Franklin Fall Festival gives middle school singers a glimpse at their future10/14/2019
When Lent teacher Chris Meade took his middle school choral students to the recent Franklin Fall Festival, he watched in amazement as they entered the fully modernized high school’s state-of-the-art auditorium.
“Oh man, they were overwhelmed by it,” Meade said. “They thought it was the coolest thing. They’re like, ‘This place is huge!’”
In some ways, the event served as a convergence of two major initiatives in Portland Public Schools: the modernization of Franklin, thanks to a voter approved bond; and the district’s work on the arts, fueled by the Portland Arts Tax, and the development of the Master Arts Education Plan (MAEP).

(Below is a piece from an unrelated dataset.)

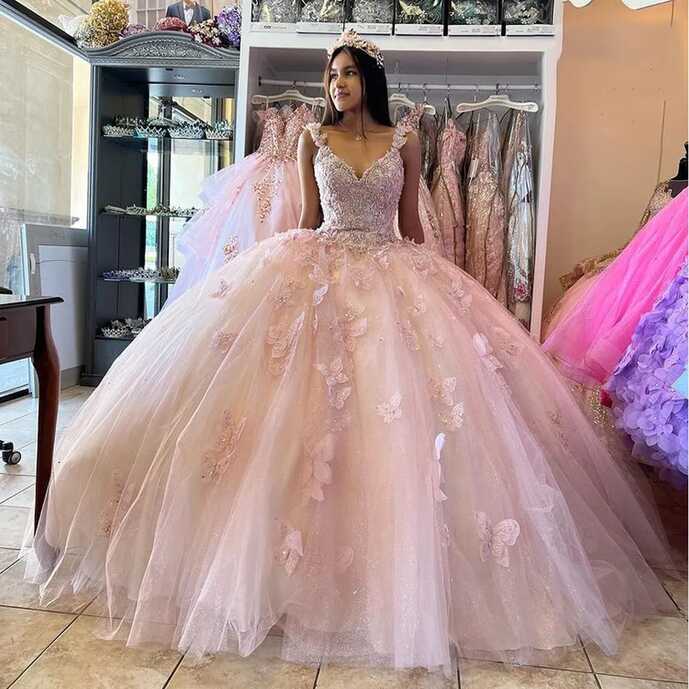 Pink Princess Quinceanera Dresses 3D Flower Prom Party Sweet 15 16 ...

One of the MAEP’s main goals is a create arts pathways in which students can learn an area of the arts – visual or performance – throughout their time in PPS. Karen Bohart, who is in her second year as music teacher at Franklin, is doing early work toward that in her cohort.
Last year, she took Franklin’s choir out to perform at cohort middle schools. This year, she replicated an event she held during her 17 years in the Reynolds School District and brought Meade’s Lent choir, and the Lane Middle School choir taught by Judy Rose, to Franklin, to perform in front of, and with, the high school choir.
About 45 middle school students took part in the Fall Festival, getting an opportunity to perform with their own choir and in a mass performance. Performing alongside the high school singers in Franklin’s sparkling venue offered the students a preview of what could be in their future.
“It was so cool,” Bohart said. “All those middle school kids were walking out saying, ‘I can’t wait for choir at Franklin.’”
Bohart would like to find ways to include other Franklin feeder schools, especially Mt. Tabor Middle School, which does not have a choir program, but does have a band program. She also wants to show choir students the other performing arts opportunities at Franklin, such as drama, which is preparing for its fall production, “Addams Family, the Musical.”
“They could be an instrumentalist, they could be a singer, and they could be an actor or actress,” Bohart said. “They can do it all in high school.”
Meade, who is in his third year at Lent, said the Fall Festival was the first opportunity for his students to leave campus and perform. More importantly, it showed them that music does not have to be an elective that is quickly forgotten after middle school. It can be a part of their future.
“That’s what I told them, that this is yours, this is here for you,” Meade said. “You just have to seize it.”